Since you can find a 5D MK III for about $2400, I'd go for it. The 7D is a good camera, but I'd go for a identical camera to what you have.


----------



## Ryan85 (Nov 24, 2014)

Thanks for the reply. I'm leaning towards that. 2400.00? Are we talking for a used, refurb, ebay, canon price watch or? I haven't seen them that low. I've always purchased my gear through b&h or the local best buy or camera shop in town. Do you feel confertable buying through the options I mentioned above buying gear?


----------



## Mt Spokane Photography (Nov 24, 2014)

Ryan85 said:


> Thanks for the reply. I'm leaning towards that. 2400.00? Are we talking for a used, refurb, ebay, canon price watch or? I haven't seen them that low. I've always purchased my gear through b&h or the local best buy or camera shop in town. Do you feel confertable buying through the options I mentioned above buying gear?


 
I always buy from a reputable seller. B&H, Adorama, Hometown Dealers, etc. There are good dealers selling on ebay as well as bad ones. The Canon price watch deal is a referral to a authorized Canon Dealer, often one you would buy from in any event, so yes, I'd do that.
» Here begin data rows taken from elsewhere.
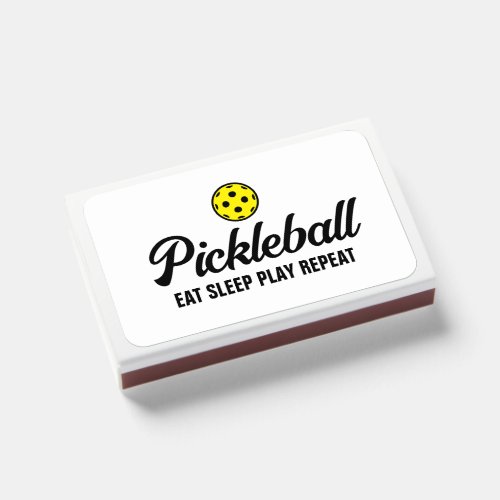 Custom matchboxes with yellow pickleball logo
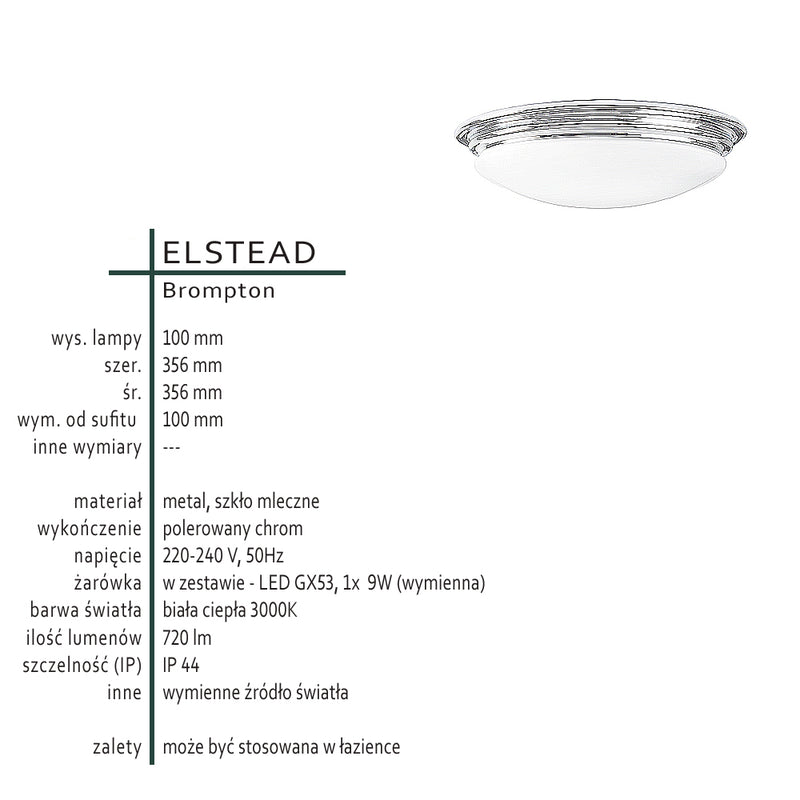 Lampa sufitowa chrom do łazienki kuchni jadalni, LED GX53 Elstead (Brompton)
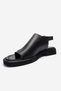 Burley Black Skin Genuine Leather Flip-Flop Women's Sandals - 6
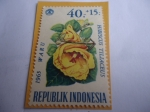 Stamps Indonesia -  Waru - Hibiscus Tiliaceus - Serie:Flores.
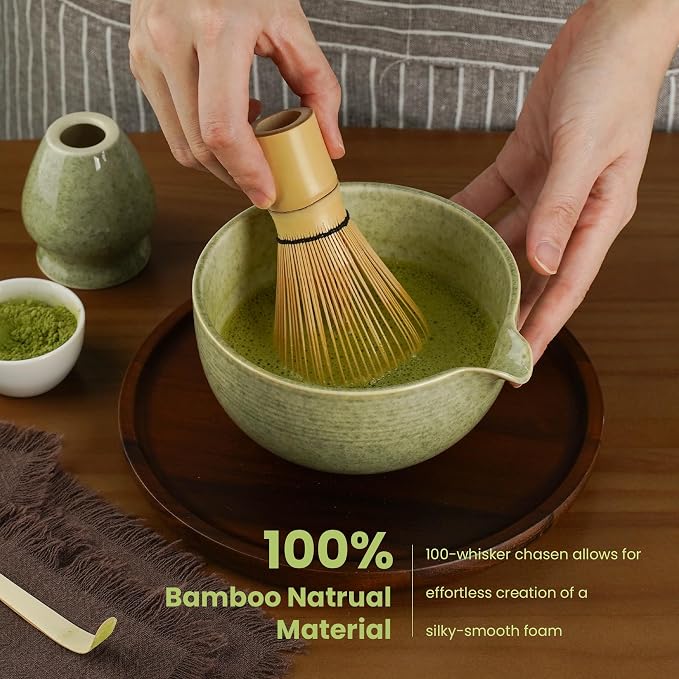 Matcha Whisk Set, Ceramic Bowl Matcha Kit & Handcrafted Bamboo Chasen, Complete - Image 4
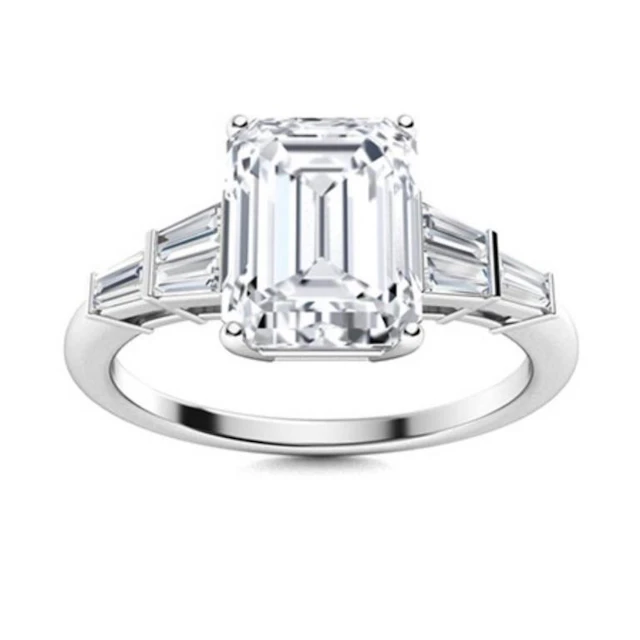 Gold Brilliant White Diamond 3.50 Cts Ring - E/V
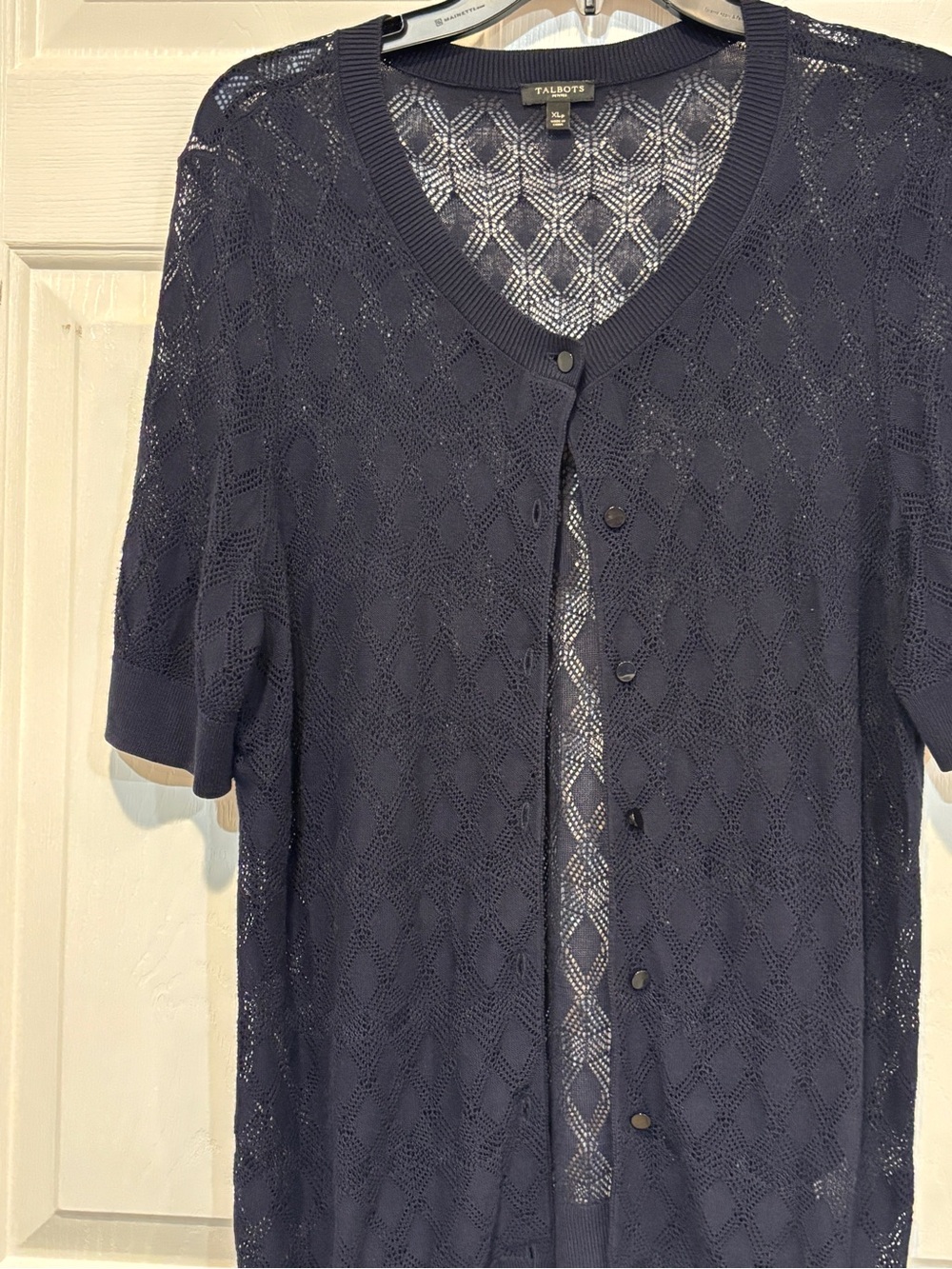 Talbots Navy Short-Sleeve Openwork Knit Cardigan
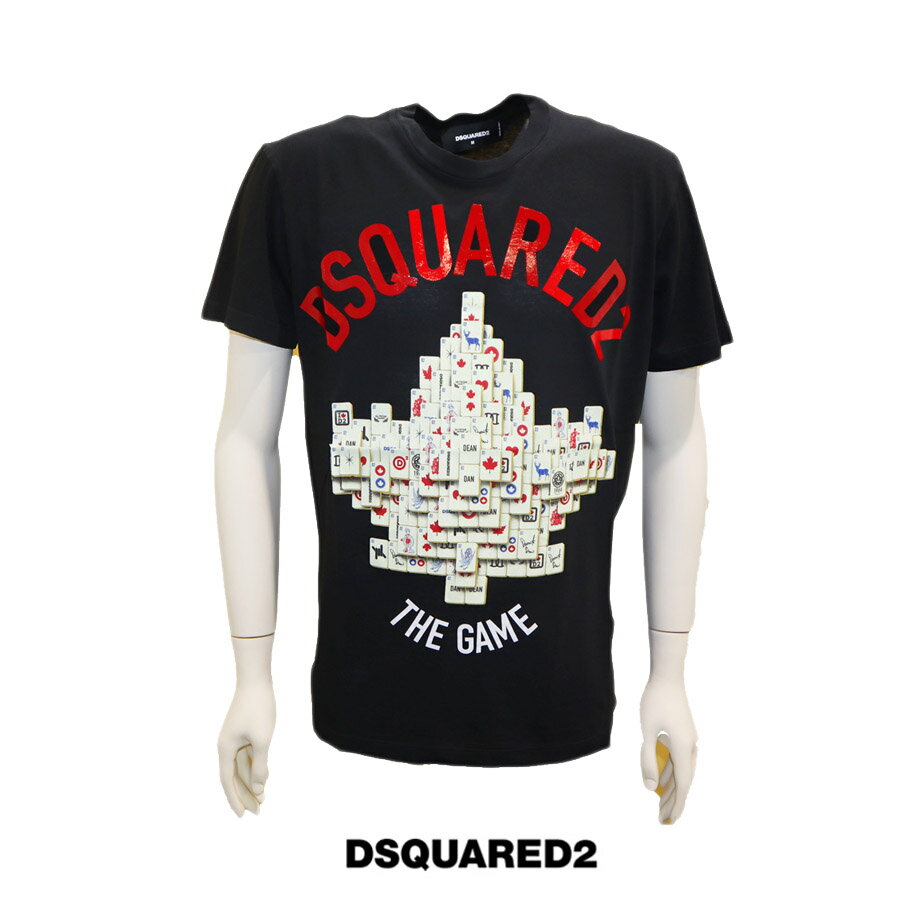DSQUARED2 ディースクエアード D2 Tシャツ　メンズ　ブラック　THE GAME 麻雀　牌　2020春夏新作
I bought my 5D MK III over two years ago on ebay from Adorama, I paid $2750 and got $50 ebay bucks that bought a spare battery, also from Adorama.

If you want a deal, signup at CPW, set your price, and they will send you a e-mail if or when the price drops. There will be a lot of very short special deals as the holidays approach, and dealers panic about getting caught with too much stock, or meeting their bills. I see it every year. 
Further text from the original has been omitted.